D. In Italia, al momento, c’è una iniziativa in materia portata avanti dal sottosegretario Vietti.

R. Sono anni che in Italia si parla di riforma del sistema delle libere professioni. Non intendo commentare la specifica iniziativa portata avanti in Italia in questo momento. Spero però che l’Italia colga questa opportunità per modernizzare il sistema tenendo conto anche dei risultati dell’indagine pubblicata dalla Commissione e dei vantaggi che una maggiore liberalizzazione (che non deve essere necessariamente ´selvaggia’, come da alcuni temuto) può portare anche agli stessi professionisti.

D. Gli ordini non vedono di buon occhio la sua azione. Ritengono la legislazione italiana tutt’altro che lesiva della concorrenza e che anzi consenta una piena tutela degli utenti e un’elevata qualità della prestazione professionale. Che cosa ribatte lei in proposito?

R. Il sistema attuale è stato codificato negli anni 30-40. Mi sembra che in 60 anni la situazione economica e sociale sia cambiata abbastanza da giustificare un ammodernamento del sistema. E poi perché gli utenti italiani avrebbero bisogno di essere tutelati più di quelli inglesi o danesi?

D. La sentenza della Corte di giustizia sul caso Cif (Consorzio italiano fiammiferi) consente alle autorità nazionali di bypassare la legislazione dello stato membro quando sia in contrasto con norme Ue. Potrebbe diventare una leva dell’Unione per spingere a liberalizzare settori non liberalizzati localmente? Anche per quanto riguarda gli ordini professionali?

R. Lei si riferisce alla sentenza della Corte europea di giustizia del 9 settembre 2003 nella causa C-198/01 Consorzio industrie fiammiferi contro l’Autorità garante della concorrenza e del mercato.

In effetti questa sentenza chiarisce che anche le autorità nazionali di concorrenza, oltre alla Commissione, possono disapplicare una legge nazionale che impone o che favorisce un comportamento anticompetitivo e possono ordinare alle imprese di far cessare l’infrazione. Se poi una tale decisione non viene rispettata, possono applicare sanzioni.

Questo è un chiarimento importante: gli stati membri non possono permettere, o imporre per via regolamentare, infrazioni all’articolo 81 che, vorrei ricordarlo, vieta cartelli e intese, e tutte le autorità di concorrenza hanno il potere di agire in modo da garantire il rispetto di quest’obbligo.
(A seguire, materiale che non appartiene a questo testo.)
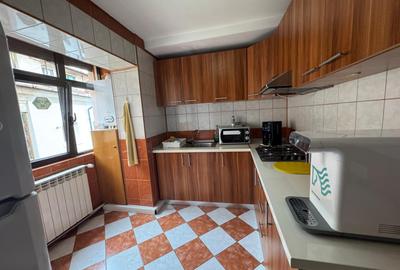 Inchiriere apartament 4 camere Cotroceni Medicina metrou Eroilor imobil 1970 - 7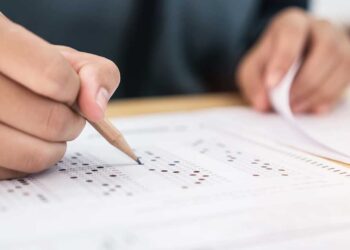 Concursos públicos abertos somam 42,8 mil vagas em todo o país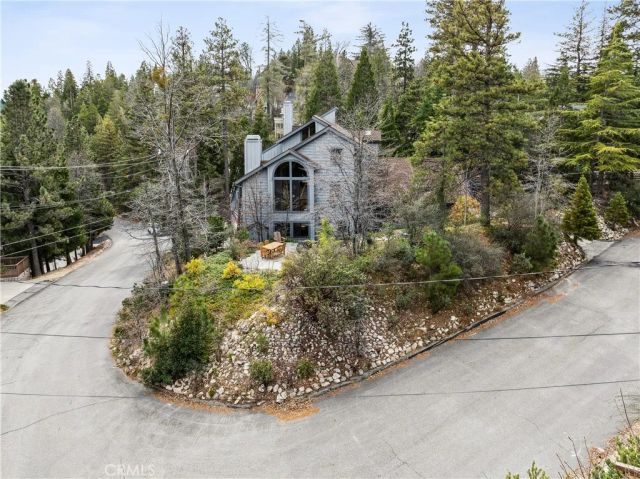 892 Nadelhorn Drive, Lake Arrowhead, CA 92352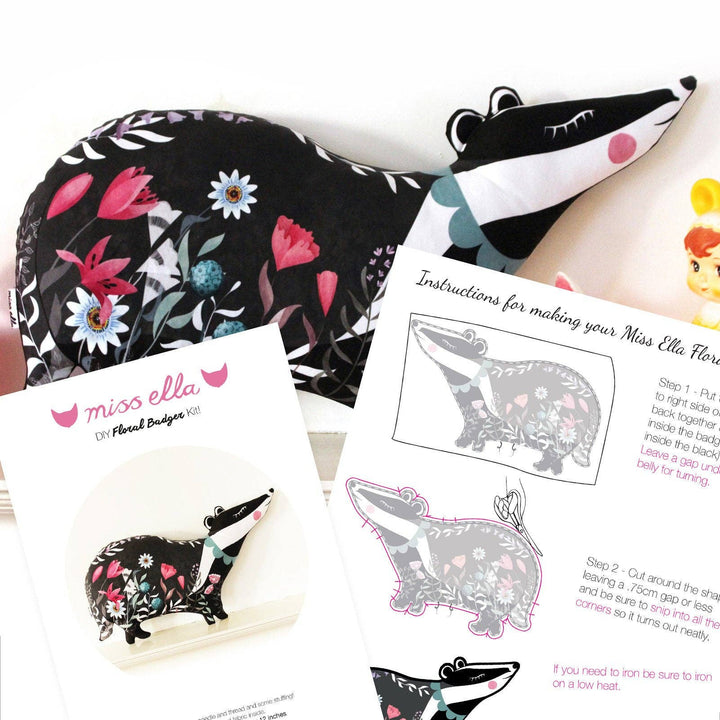Floral Badger DIY Kit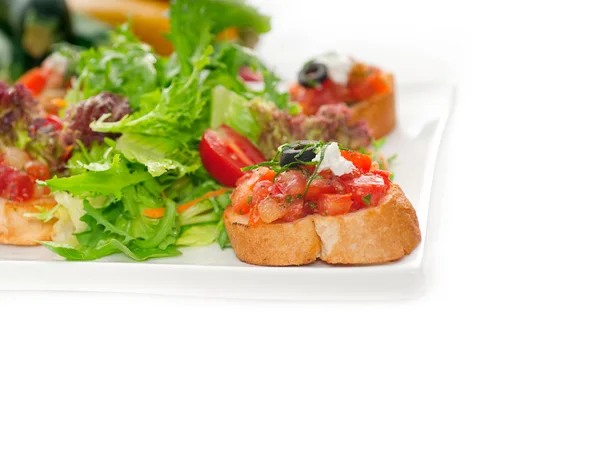 Original Italian fresh bruschetta served with fresh salad and ve — Stock Photo, Image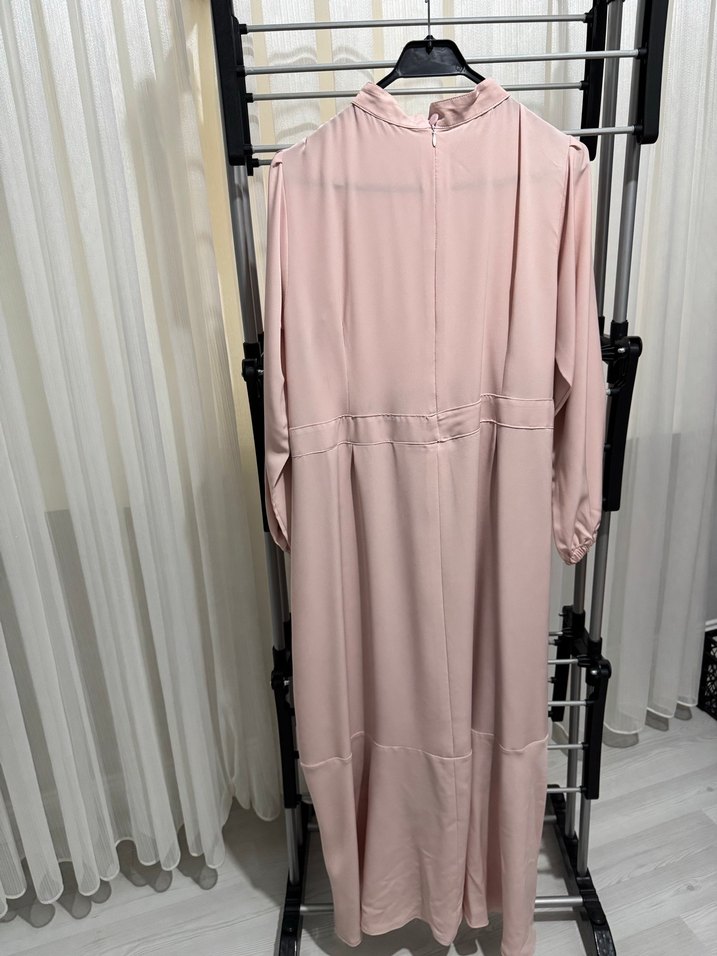 Pembe Uzun Drapeli Kadın Elbise - Görsel 2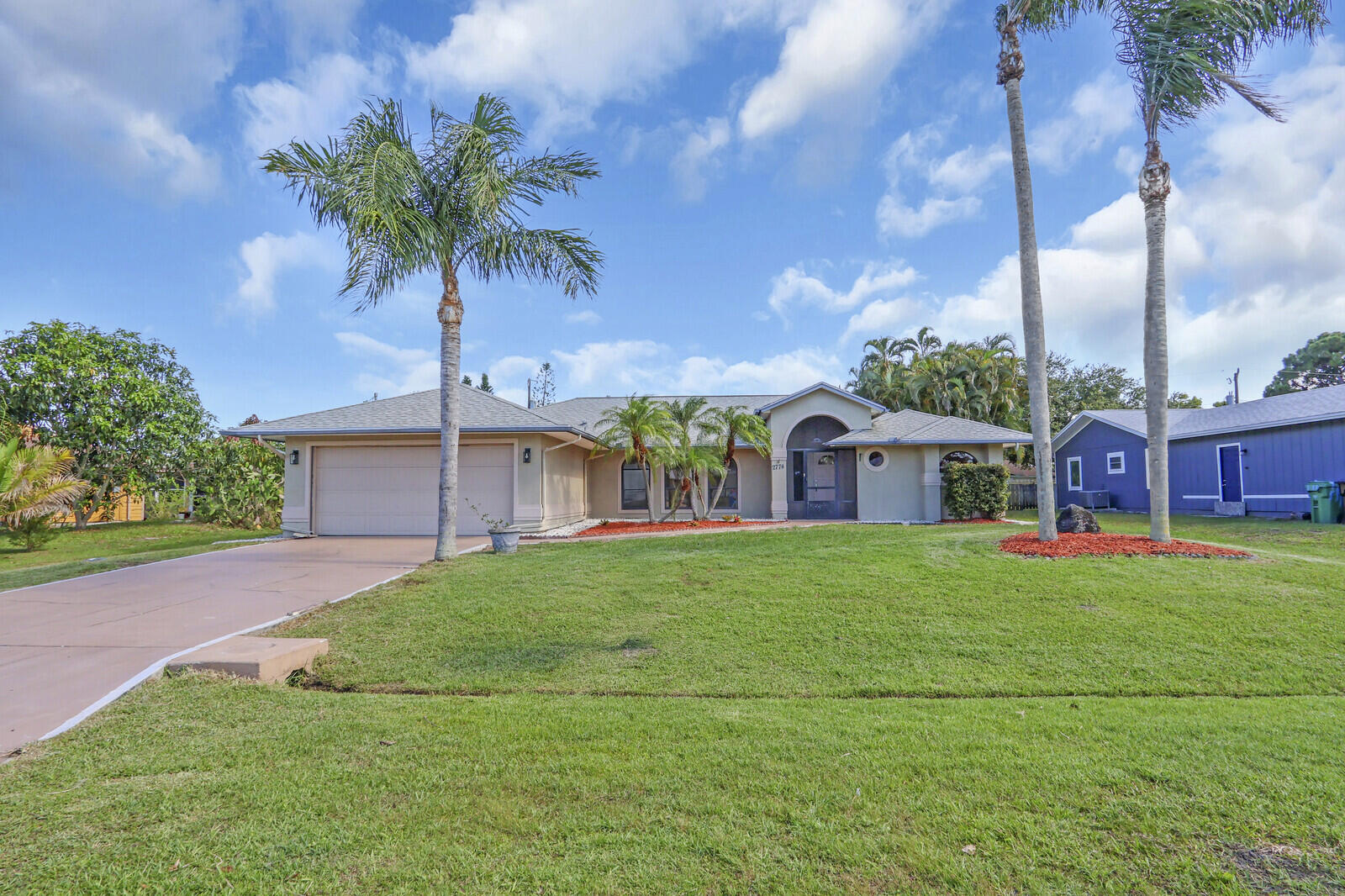 2774 SE Howell Avenue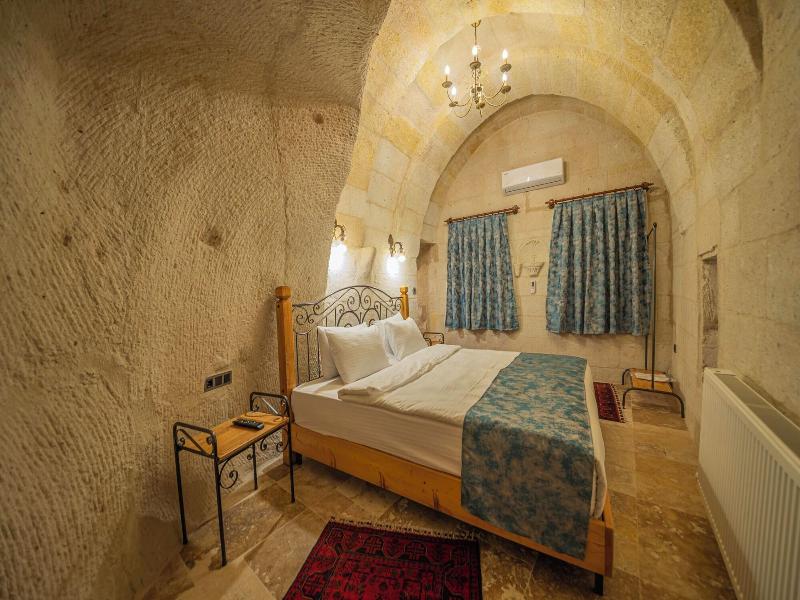 Chelebi Cave House image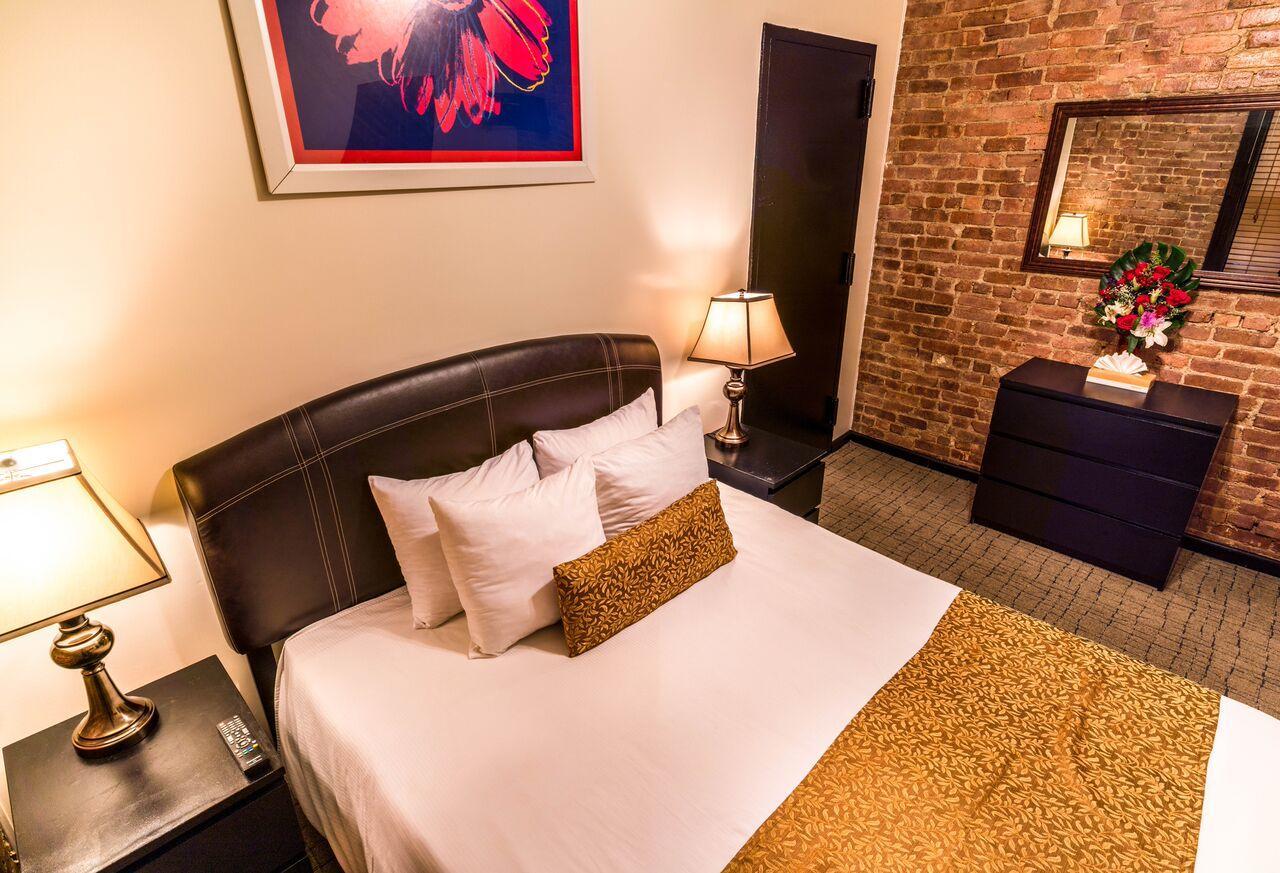 Royal Park Hostel *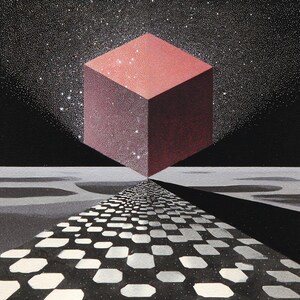 Pode incluir: Uma pintura abstrata com um cubo vermelho flutuando sobre um caminho quadriculado. O fundo &eacute; um c&eacute;u estrelado, com um gradiente de preto e branco. O caminho leva ao cubo, criando uma sensa&ccedil;&atilde;o de profundidade.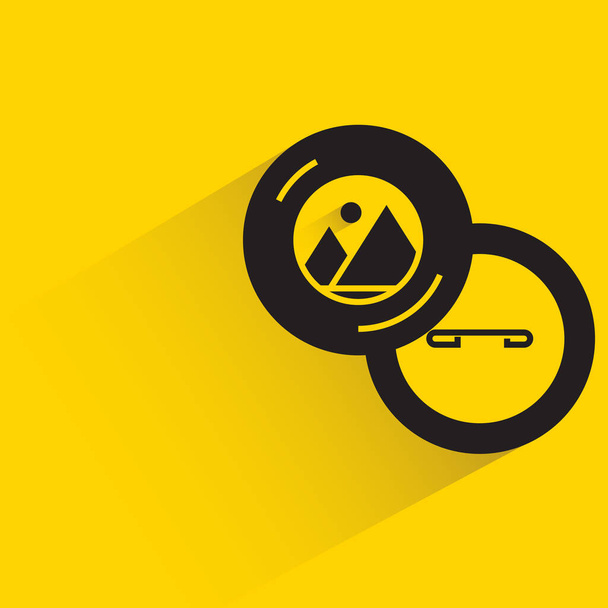 badge rond avec étiquette sur fond jaune - Vecteur, image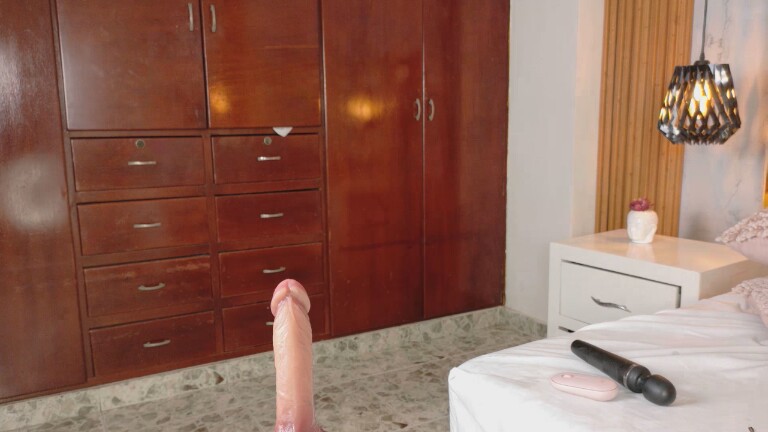 JulieDiamondGB's Streamate show and profile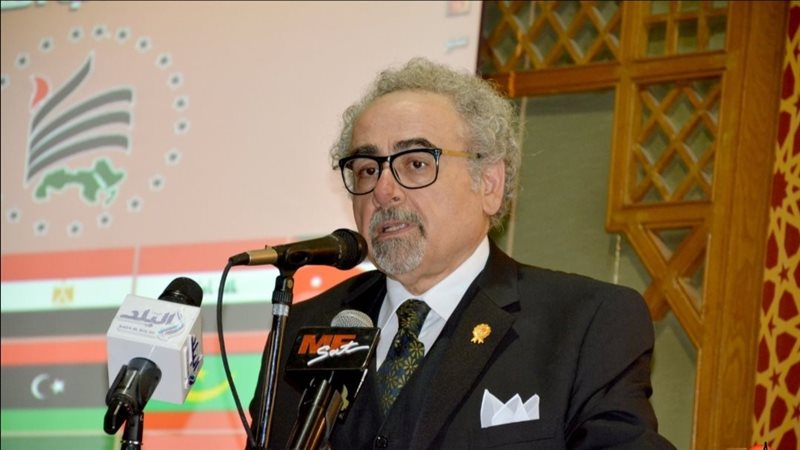الدكتور علاء عبد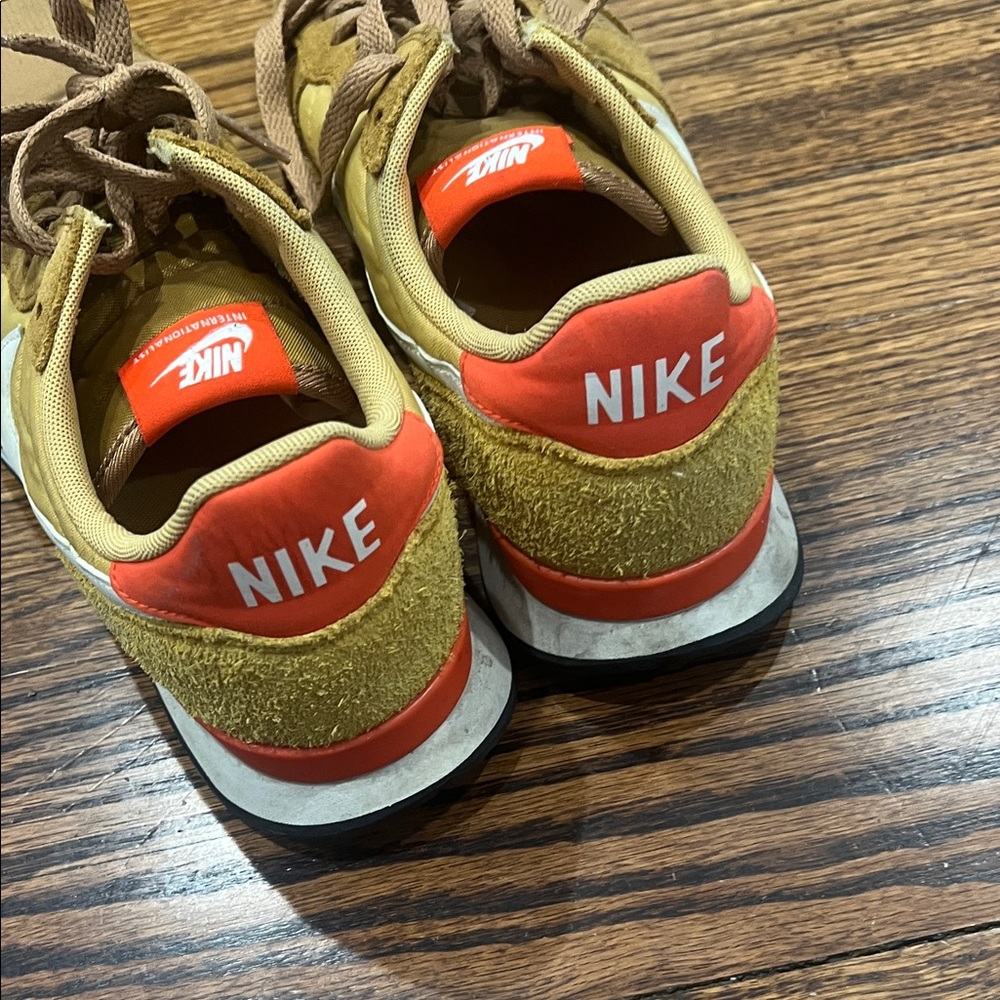 Nike internationalist Mustard and Orange Sneakers - Picture 3 of 7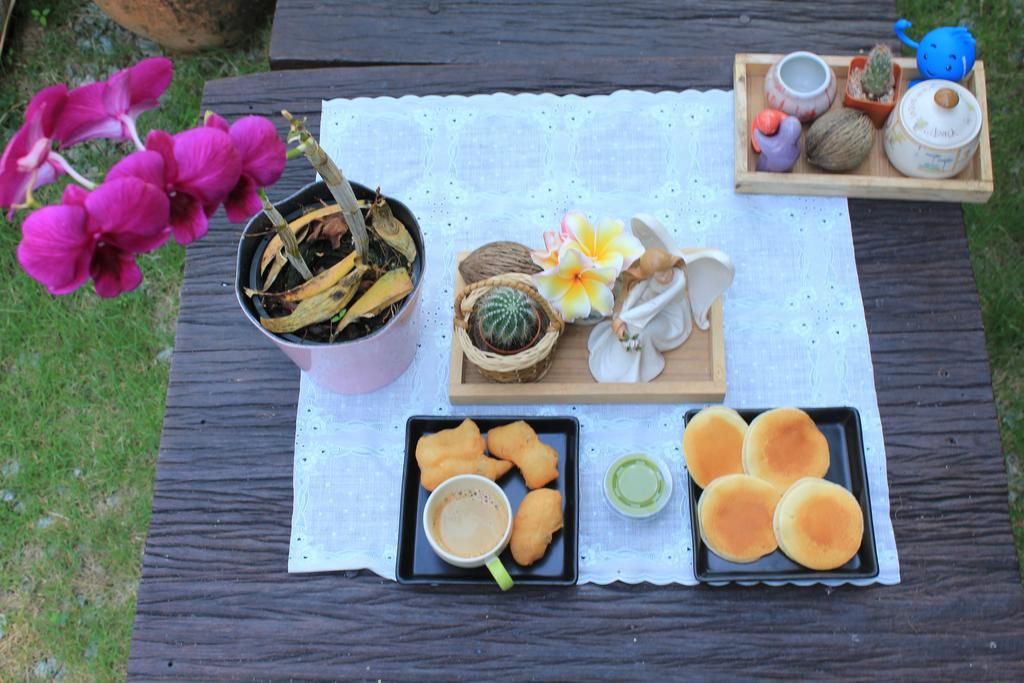 Hotel Eat N Sleep Phuket Exterior foto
Quest’interpretazione della Corte non è circoscritta a un settore particolare dell’economia ed è quindi potenzialmente applicabile in situazioni analoghe anche nel campo delle professioni liberali. Sono certo che l’Agcm studierà come esercitare questi poteri nei singoli casi. D’altra parte l’Agcm ha attirato più volte l’attenzione del governo e del parlamento italiani sulla necessità di una maggiore liberalizzazione di questo settore al fine di diminuire i costi dei servizi professionali che gravano soprattutto sull’industria esportatrice, con gravi conseguenze negative sulla loro capacità di competere sui mercati internazionali.